At last, pension reform. After years of foot-dragging and false starts, Illinois lawmakers on Tuesday put the worst-funded public pension systems in the nation on a path to fiscal solvency. If all goes as planned, the pension funds' $100 billion shortfall will be erased by 2044.
None of our metro-east lawmakers voted for the bill, but it was this or nothing. This plan, hammered out by a bipartisan committee, is infinitely better than continuing to let the $100 billion in pension debt grow and squeeze out other state spending.
Some conservatives complained the bill didn't go far enough, but the caterwauling from state employees and their unions tell you that these reforms are substantial.
The workers and their reps claim the plan will be ruled unconstitutional, but we are cautiously optimistic that the courts will allow it. The pensions themselves aren't being reduced, but rather add-ons like the overly generous COLA formula and the unreasonably low retirement age.
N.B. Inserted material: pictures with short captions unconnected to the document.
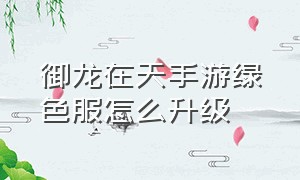 御龙在天手游绿色服怎么升级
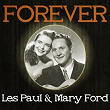 Forever Les Paul & Mary Ford | Les Paul & Mary Ford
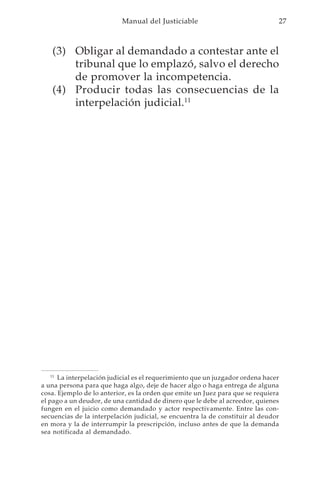 Manual del Justiciable                               27



   (3) Obligar al demandado a contestar ante el
       tribunal que lo emplazó, salvo el derecho
       de promover la incompetencia.
   (4) Producir todas las consecuencias de la
       interpelación judicial.11




    11
       La interpelación judicial es el requerimiento que un juzgador ordena hacer
a una persona para que haga algo, deje de hacer algo o haga entrega de alguna
cosa. Ejemplo de lo anterior, es la orden que emite un Juez para que se requiera
el pago a un deudor, de una cantidad de dinero que le debe al acreedor, quienes
fungen en el juicio como demandado y actor respectivamente. Entre las con-
secuencias de la interpelación judicial, se encuentra la de constituir al deudor
en mora y la de interrumpir la prescripción, incluso antes de que la demanda
sea notificada al demandado.
 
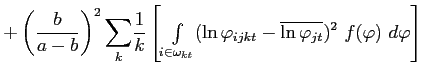 $\displaystyle +\left( \frac{b}{a-b}\right) ^{2} {\displaystyle\sum\limits_{k}} \frac{1}{k}\left[ {\textstyle\int\limits_{i\in\omega_{kt}}} (\ln\varphi_{ijkt}-\overline{\ln\varphi_{jt}})^{2}\text{ }f(\varphi)\text{ }d\varphi\right]$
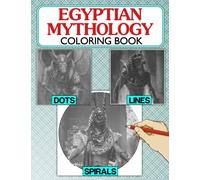 Egyptian Mythology Dots Lines Spirals Coloring Book: Fascinating Coloring Pages For All Ages | Stress Relief And Relaxation | Gifts For Friends & Family |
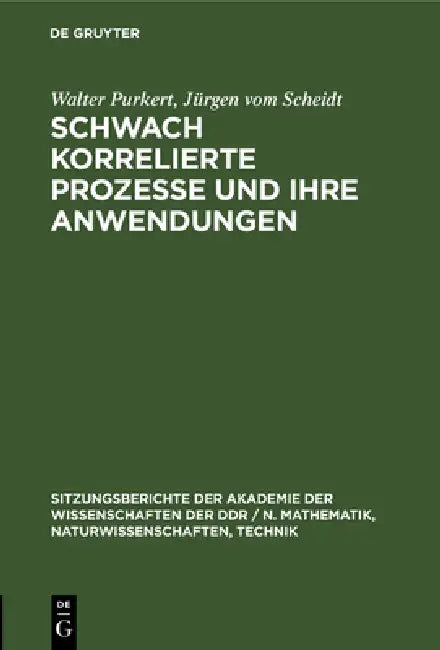Schwach Korrelierte Prozesse Und Ihre Anwendungen (English, Walter Purkert | Jürgen Vom Scheidt)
And bottom line: The current system is fiscally unsustainable. A constitutional pension guarantee means nothing if there isn't enough money to fund the pensions. Just ask workers in Detroit, who thought their pensions were guaranteed by their state constitution until a judge ruled otherwise.
No one was talking pension reform in Detroit 10 years ago, but we suspect a lot of workers wish someone had made incremental changes back then to ensure that pensions would be funded into the future -- what Illinois did on Tuesday.